→ **Task details**: Could you transcribe the entries below exactly, starting at the line that contains "Ferrari Fehmp14Sucok Custodia" and stopping at the last line, without any pictures?
BEGIN Exercise inputs
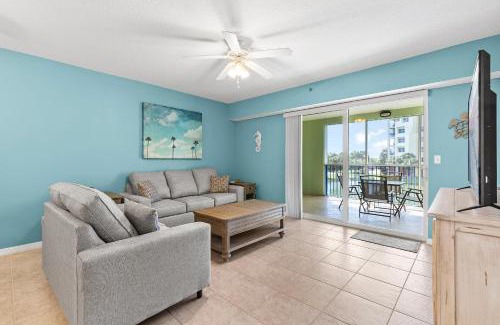 New Smyrna Beach Casa | Oceanwalk 15-206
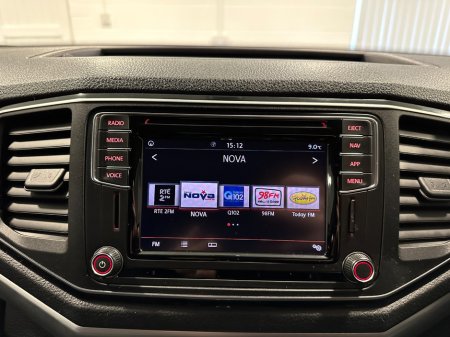 2019 Volkswagen Amarok - thumbnail 34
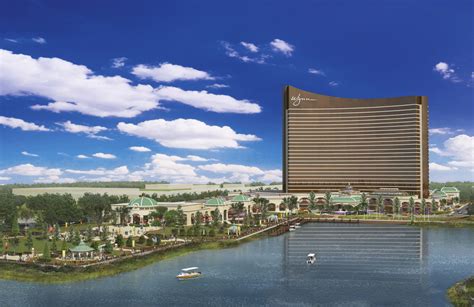 Wynn Casino Everett Sosflorestas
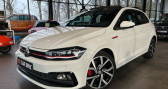 Annonce Volkswagen Polo occasion Essence GTI 200 ch DSG TO Beats ACC GPS 18P 315-mois  Sarreguemines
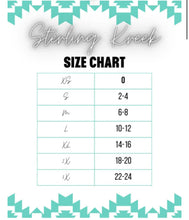 Load image into Gallery viewer, Tooled beauty shorts by Sterling Kreek - Mavictoria Designs Hot Press Express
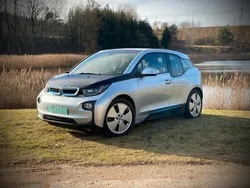 Silber Gebraucht 2014 BMW i3 Kleinwagen | 9.900 € (Fairer Preis)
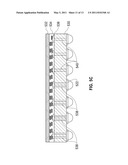 INTEGRATED CHIP CARRIER WITH COMPLIANT INTERCONNECTS diagram and image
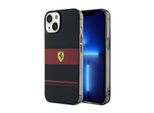 Ferrari Fehmp14Sucok Custodia Rigida Per Iphone 14 / 15 / 13 6.1 Czarny/Nero Imd Combi Magsafe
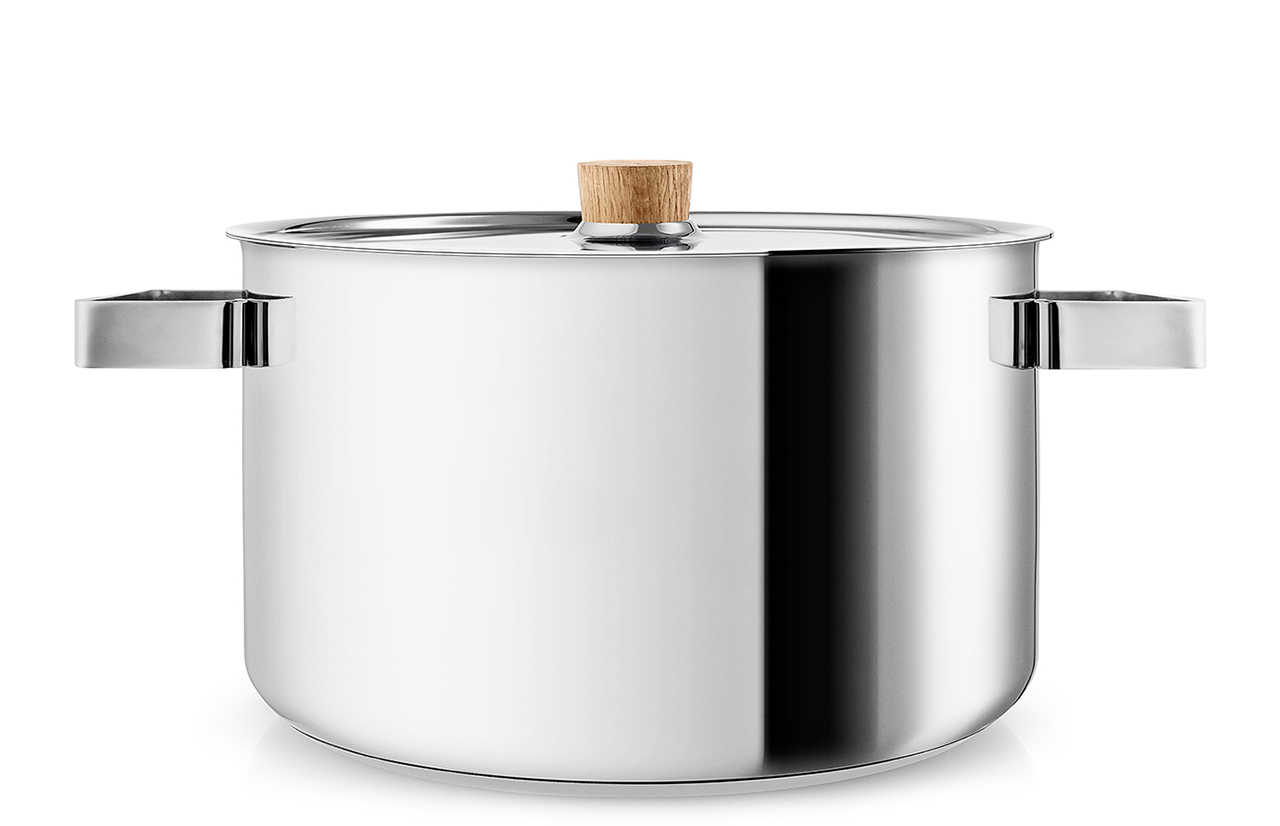 NORDIC KITCHEN puodas, 6 l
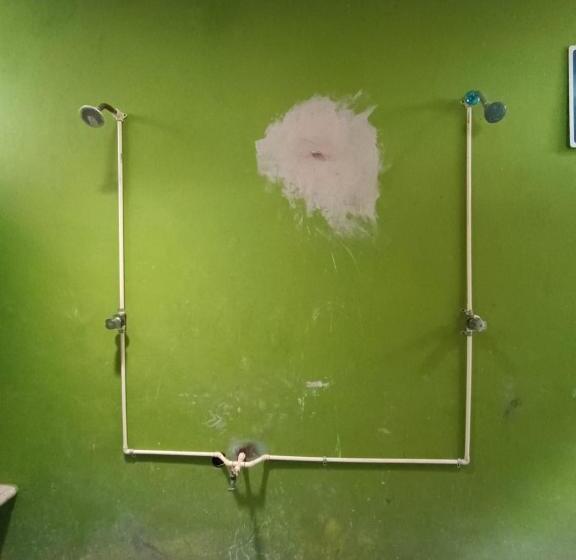 Hotel Centro Social Ecoturistico La Alberca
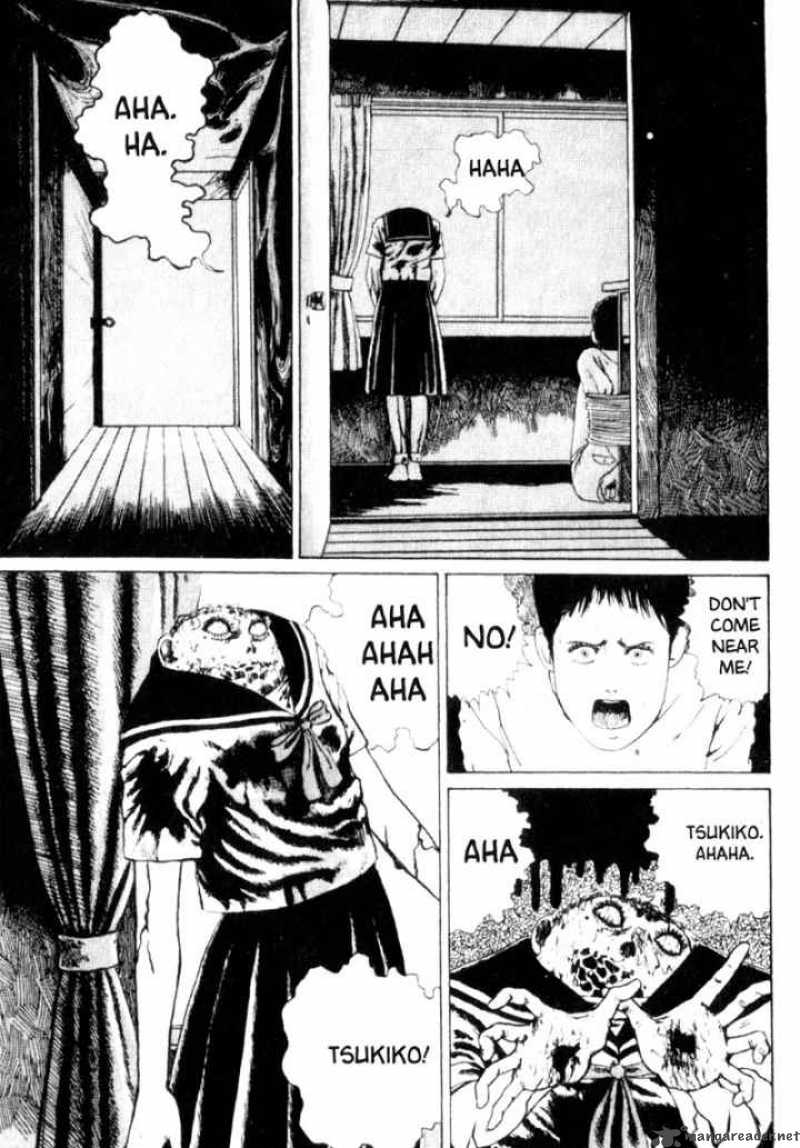 Tomie Chapter 3 Page 2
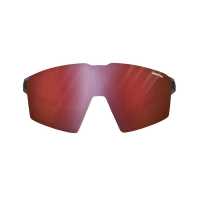 Очки Julbo EDGE (REACTIVE 0-3 High Contrast) translucent black/orange 2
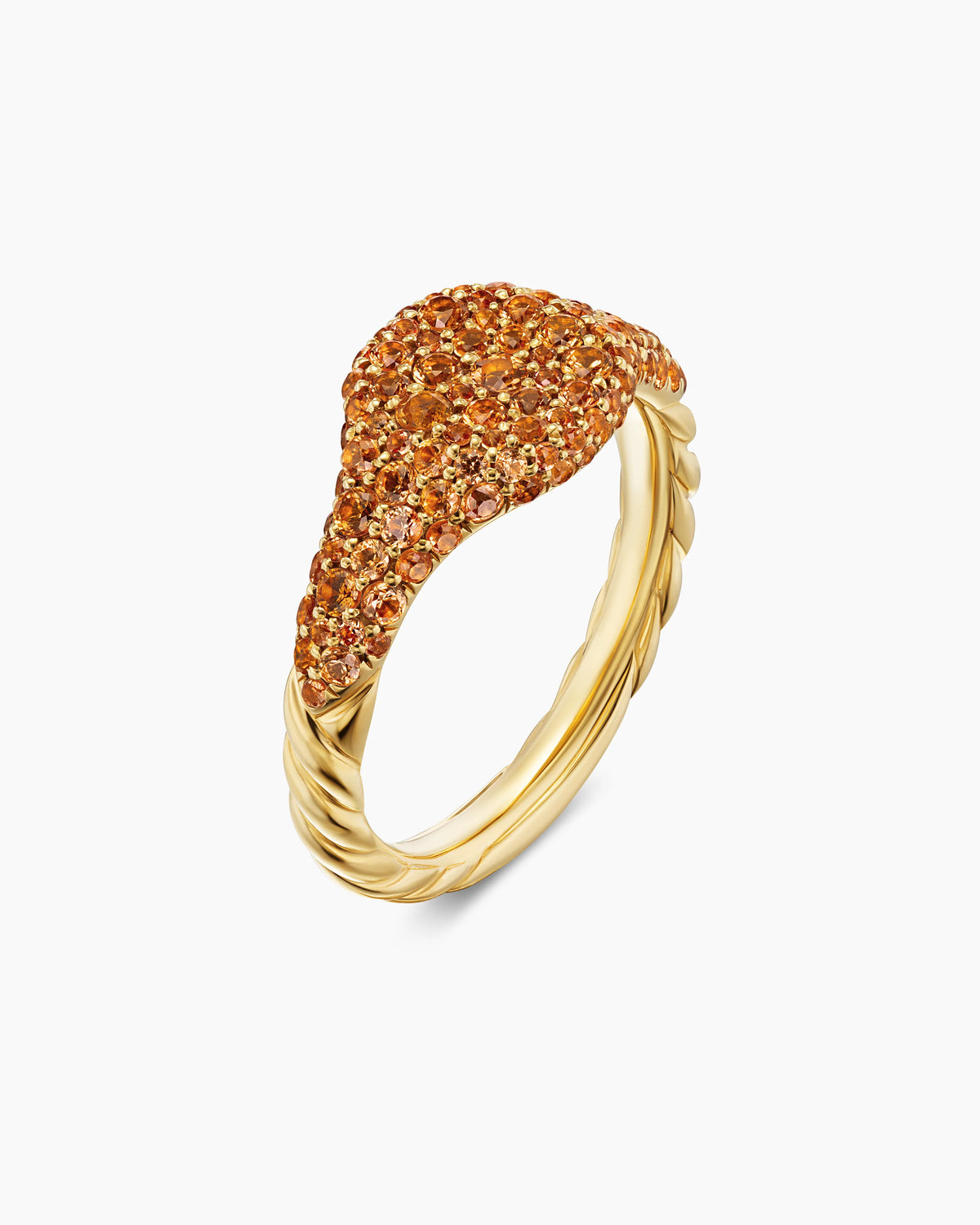 ORANGE SAPPHIRE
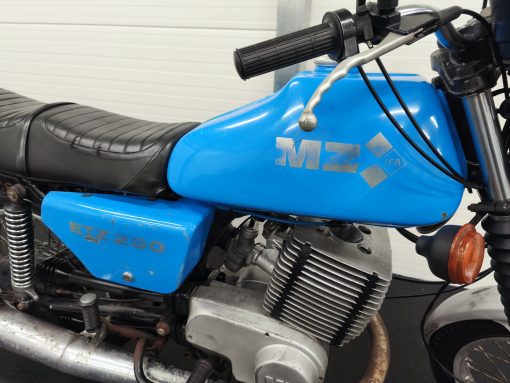 MZ ETZ 250 - obrazek 10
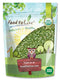 Food to Live Organic Green Split Peas, 1 Pound Non-GMO, Dried, Vegan,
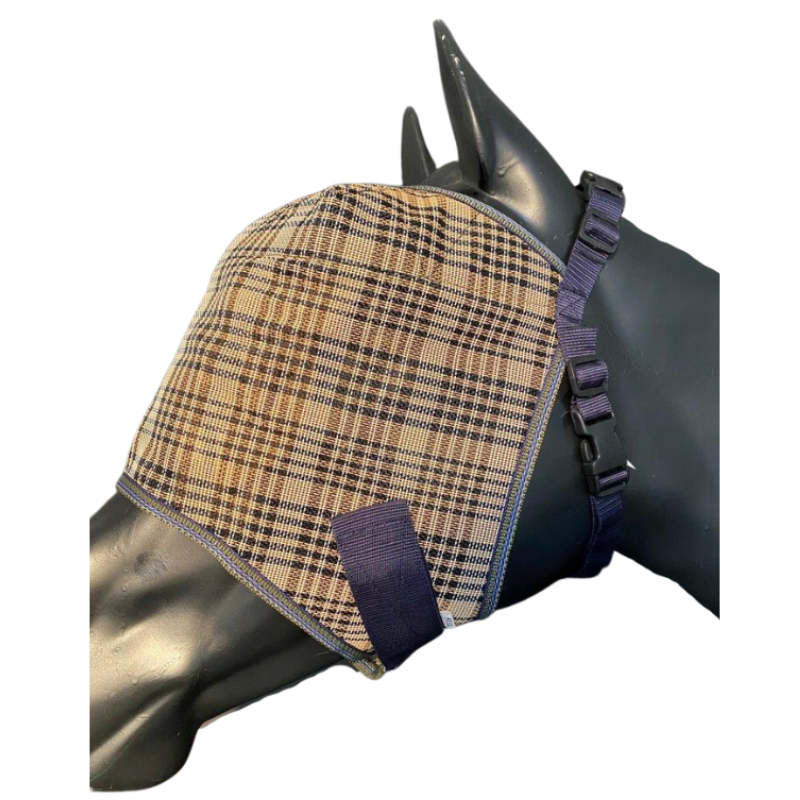 5/A Baker Mesh Fly Mask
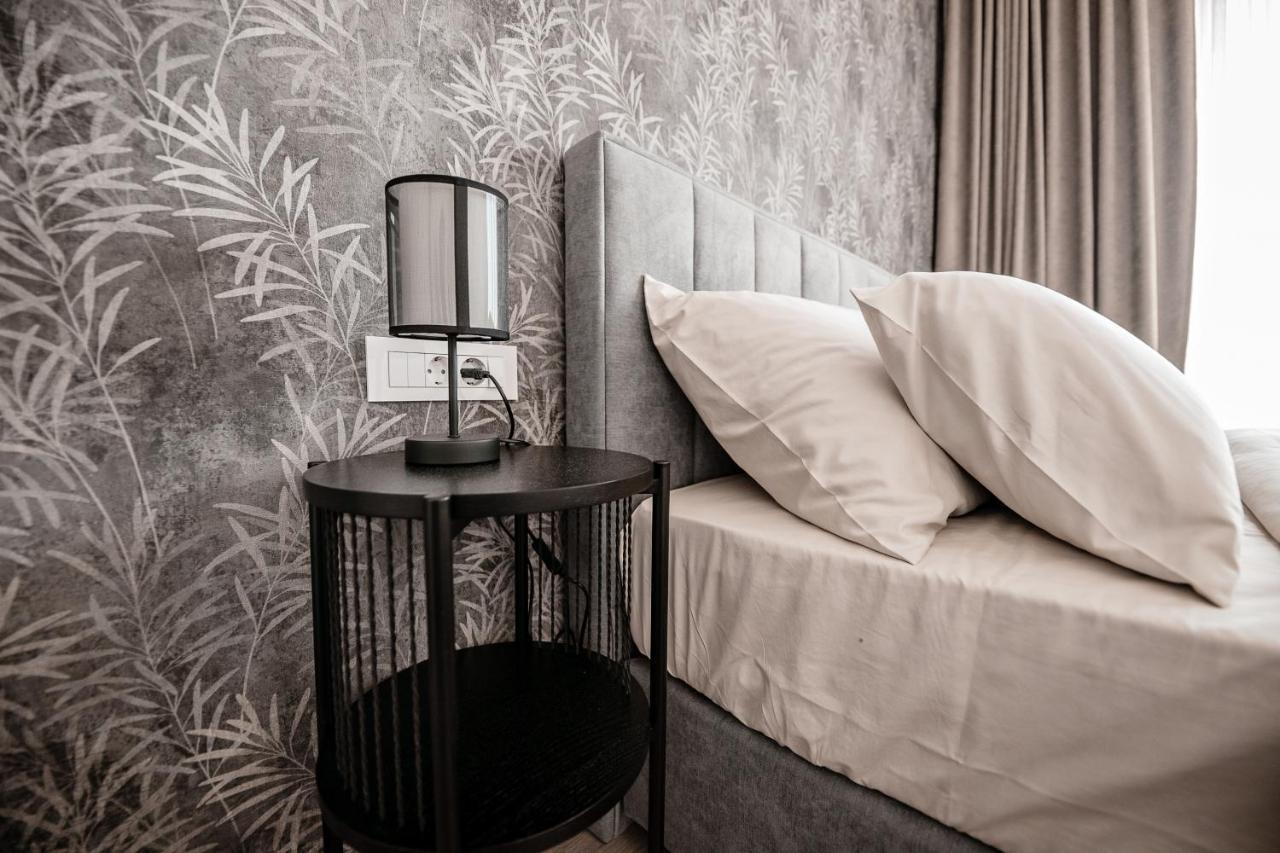 Sodoben Apartma V Centru Ljubljane Ljubljana Exteriör bild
END Exercise inputs
→ **Expected answer**:
 Ferrari Fehmp14Sucok Custodia Rigida Per Iphone 14 / 15 / 13 6.1 Czarny/Nero Imd Combi Magsafe
 NORDIC KITCHEN puodas, 6 l
 Hotel Centro Social Ecoturistico La Alberca
 Tomie Chapter 3 Page 2
 Очки Julbo EDGE (REACTIVE 0-3 High Contrast) translucent black/orange 2
 ORANGE SAPPHIRE
 MZ ETZ 250 - obrazek 10
 Food to Live Organic Green Split Peas, 1 Pound Non-GMO, Dried, Vegan,
 5/A Baker Mesh Fly Mask
 Sodoben Apartma V Centru Ljubljane Ljubljana Exteriör bild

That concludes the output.